Nessuna sanzione al prof dissenziente. Conta la volontà della comunità scolastica, possibile esporre i simboli religiosi delle confessioni presenti in classe. No a ordini dal preside né veto del docente. Norme del 1928, manca una legge
Il Crocifisso in aula va esposto se lo decide la comunità scolastica: gli alunni, dunque, ma anche i prof. E non può essere un obbligo imposto dai pubblici poteri. Non può allora essere sanzionato il docente che pretende di far lezione in classe rimuovendo il simbolo religioso: la circolare del dirigente che ordina l’affissione non è conforme al modello di una scuola «dialogante», così come il prof dissenziente non ha un diritto di veto. E ciò perché bisogna trovare un accordo fra posizioni difformi, esponendo eventualmente anche i simboli delle altre confessioni presenti in classe. Non va quindi risarcito l’insegnante perché è esclusa la discriminazione: il crocifisso fa parte della tradizione culturale italiana e l’esposizione in classe non comprime la libertà di coscienza e di insegnamento dell’interessato. Va detto, tuttavia, che le disposizioni che regolano l’arredamento delle classi scolastiche risalgono a un regolamento del 1928, mentre manca una legge del Parlamento: la norma può – e deve – interpretata in senso conforme alla Costituzione. Lo stabiliscono le Sezioni unite civili della Cassazione con la sentenza 24414/21, pubblicata il 9 Settembre.

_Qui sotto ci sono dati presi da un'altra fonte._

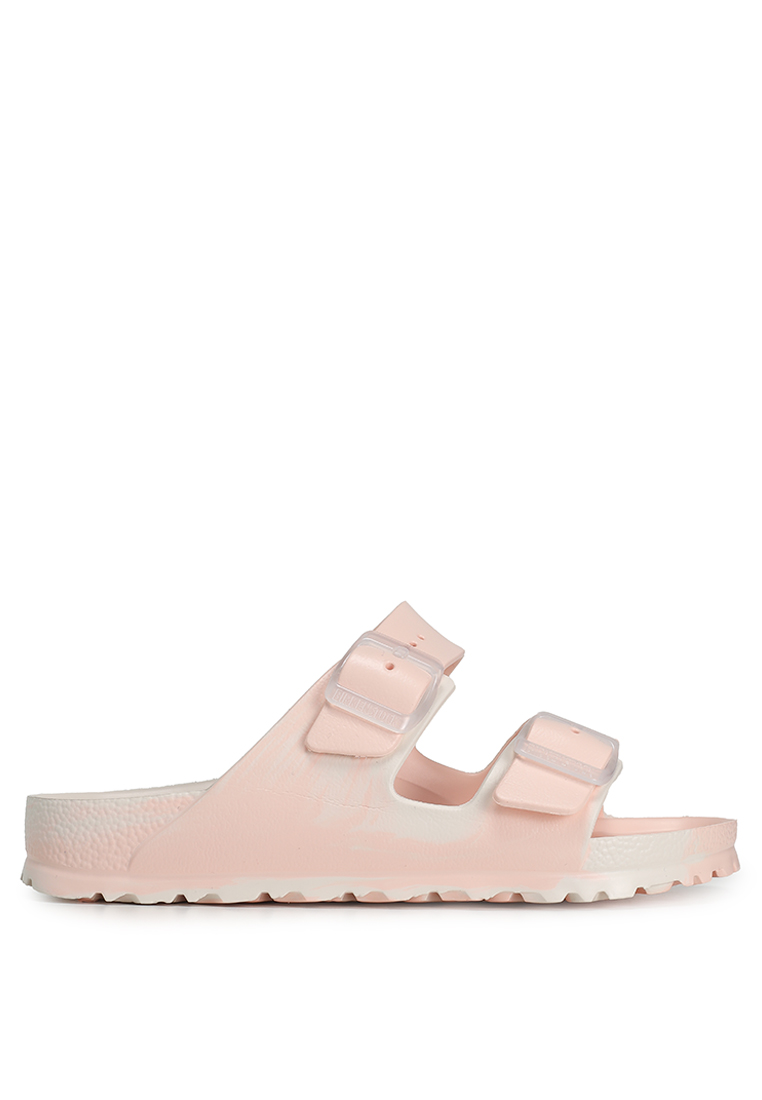 Birkenstock Arizona EVA
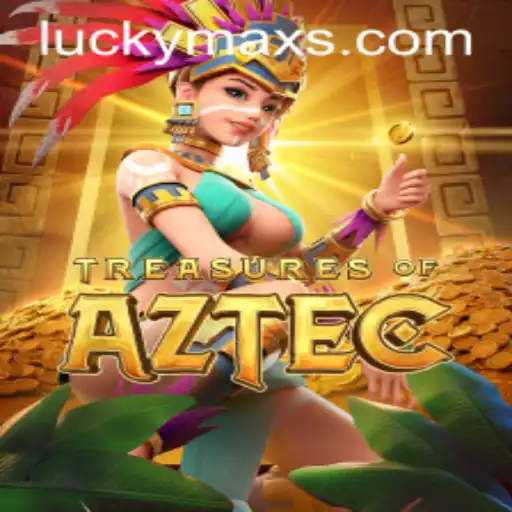 Unveiling the Mysteries of TreasuresofAztec: A Deep Dive into the Game Mechanics and Exciting Adventures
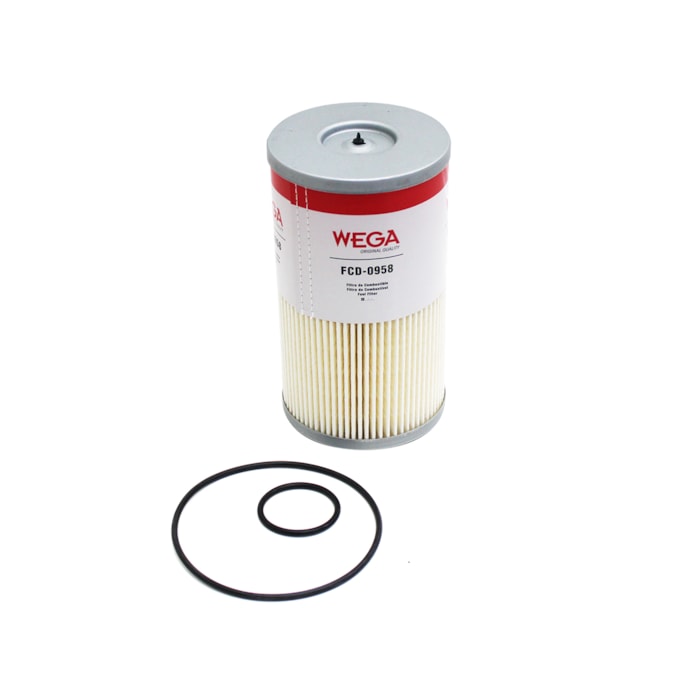 WEGA FILTROS | FCD0958 | FILTRO DIESEL/RACOR SEPARADOR DAGUA VW (REFIL PAPEL)-c4f11720-5e60-4670-9d61-12f6f642f7b0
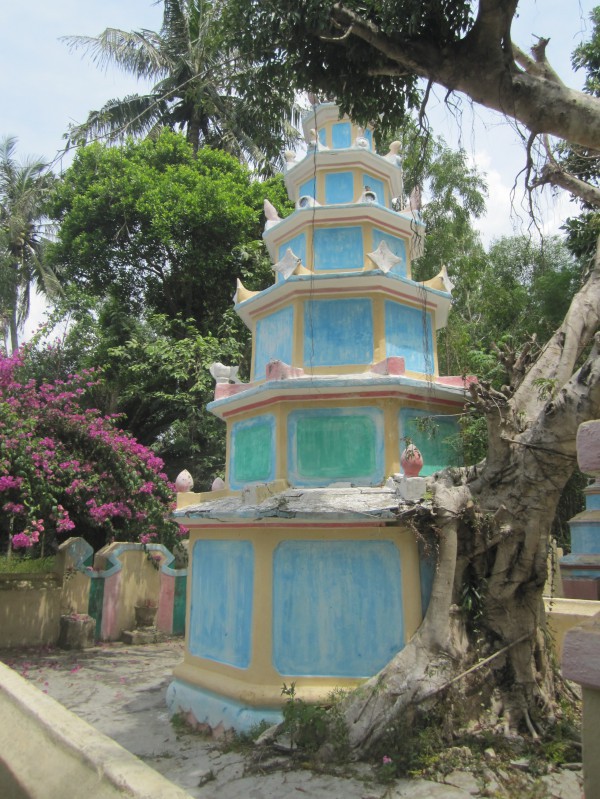 Cuộc khởi nghĩa Cần Vương đầu tiên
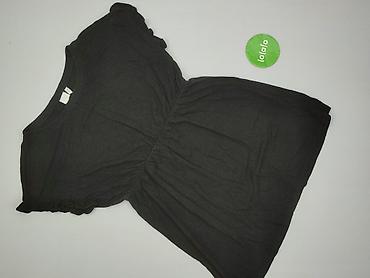 kolekcja h: H&M, Sukienka damska, rozmiar S — 4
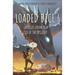 Loaded Dice 6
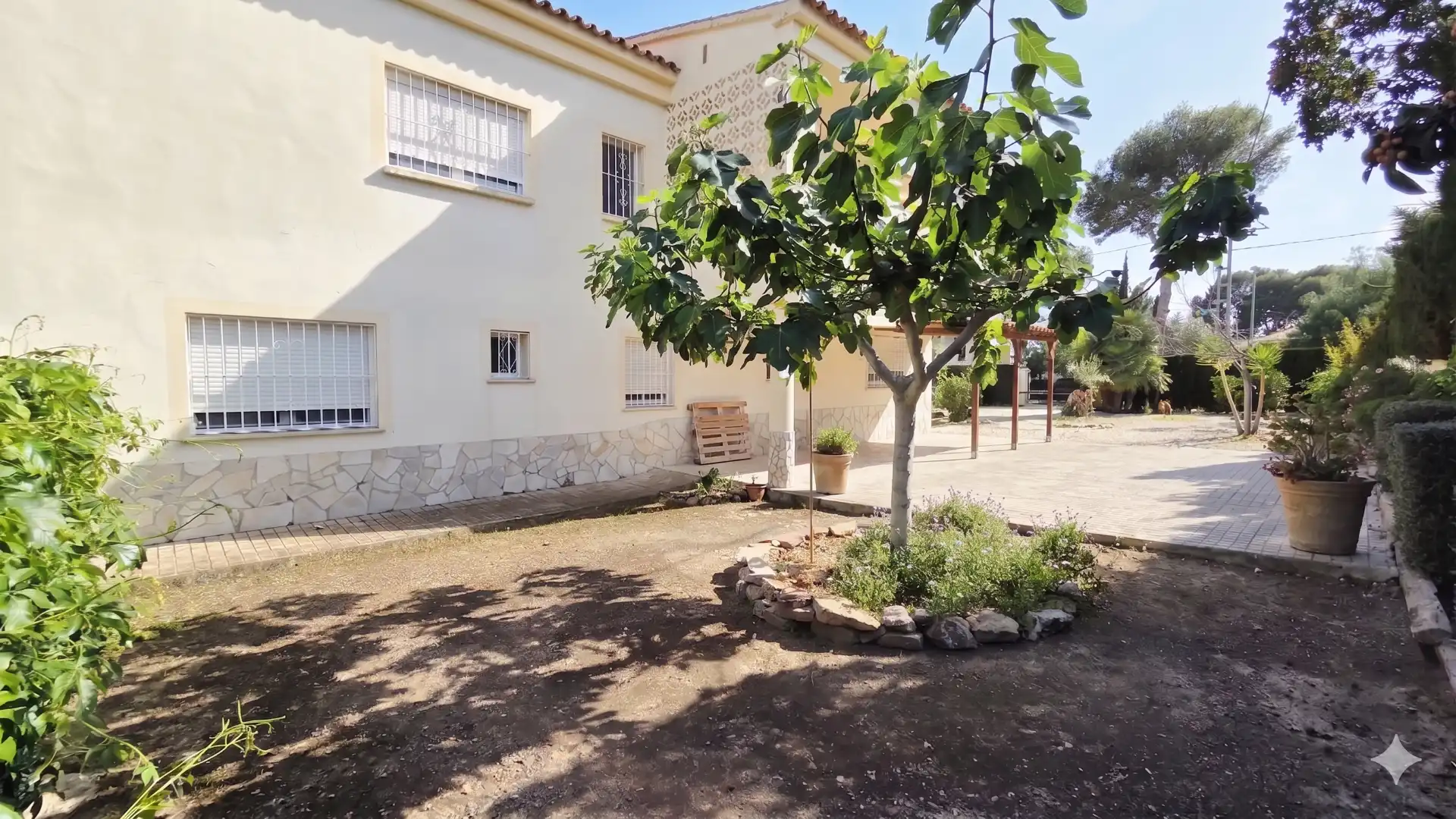 Casa o chalet en venta en Varadero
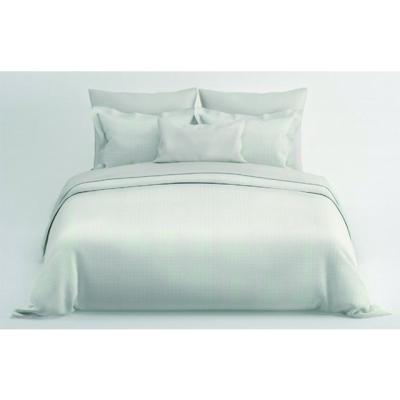 China Luxury Modern Pure 300TC 600TC 1000TC 1200TC Egyptian Cotton Sheet Set for sale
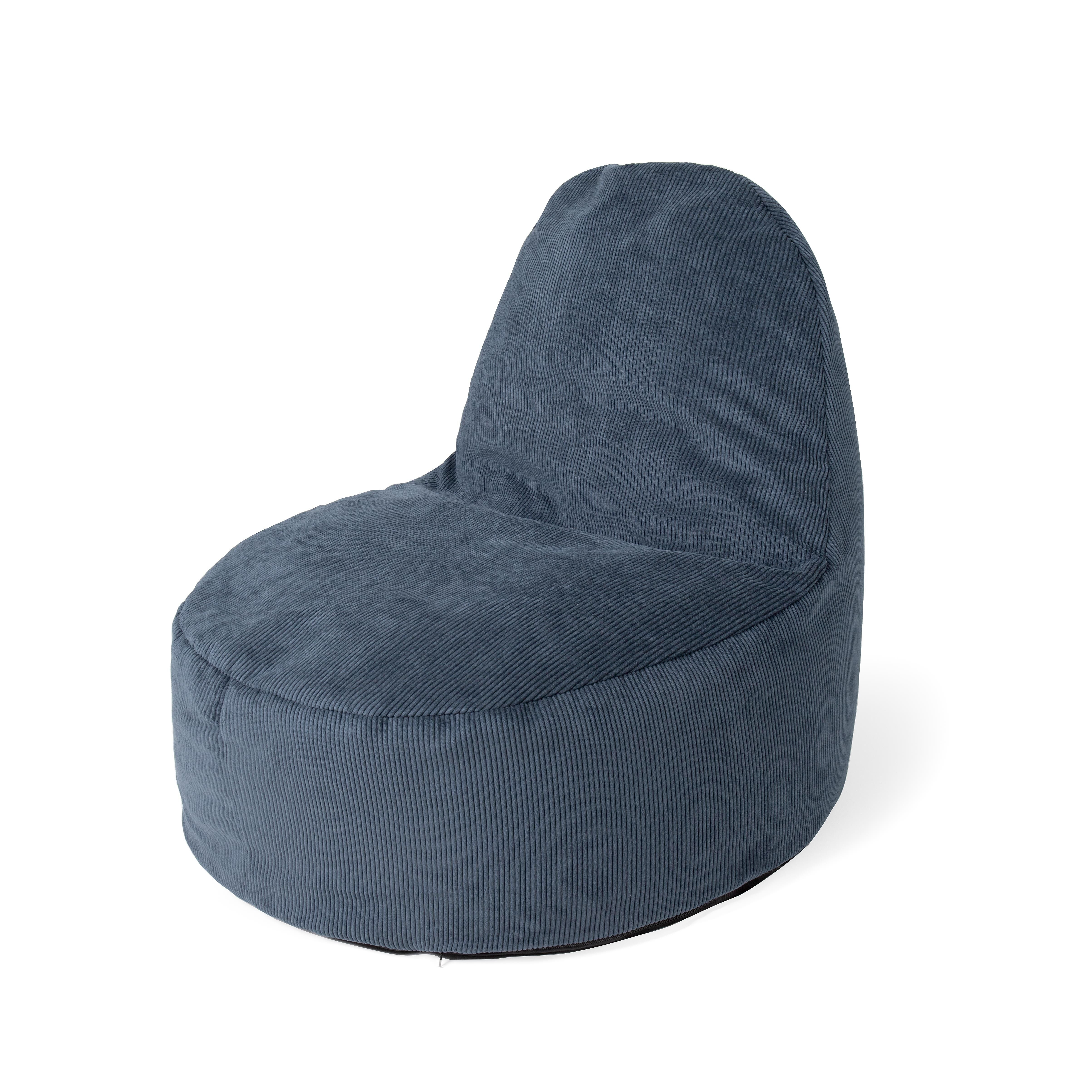 Chair S Corduroy marina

È accolto dopo una doppia sconfitta in sede di merito il ricorso proposto dal docente di un istituto professionale statale: risulta illegittima la sanzione disciplinare di trenta giorni di sospensione dall’insegnamento inflitta al lavoratore. Per convinzioni personali il prof di lettere è abituato a staccare il crocifisso dal muro prima di fare lezione e a riappenderlo alla fine della sua lezione. Ma sono stati gli studenti a chiederne l’esposizione: nell’assemblea di classe decidono a maggioranza di mantenere appeso il simbolo religioso durante tutte le ore. Il dirigente emana una circolare in cui richiama i docenti al dovere di rispettare la volontà dei discenti. Il professore, però, continua a fare come prima. Ne nasce un braccio di ferro col preside fra polemiche al calor bianco, che sfocia nel procedimento davanti all’ufficio scolastico regionale.
Trova ora ingresso la censura che denuncia la violazione del principio di laicità dello Stato, che impone equidistanza e imparzialità verso tutte le confessioni. L’ordine di servizio è illegittimo perché non ha cercato né promosso «un accomodamento da tutti sostenibile, sollecitando i protagonisti a valutare le molte possibilità praticabili sulle modalità di esposizione». E dunque evidenzia Giovanni D’Agata, presidente dello “Sportello dei Diritti”, risulta travolta la sanzione disciplinare inflitta al lavoratore. Risarcimento escluso perché in Italia al crocifisso si lega «all’esperienza vissuta di una comunità».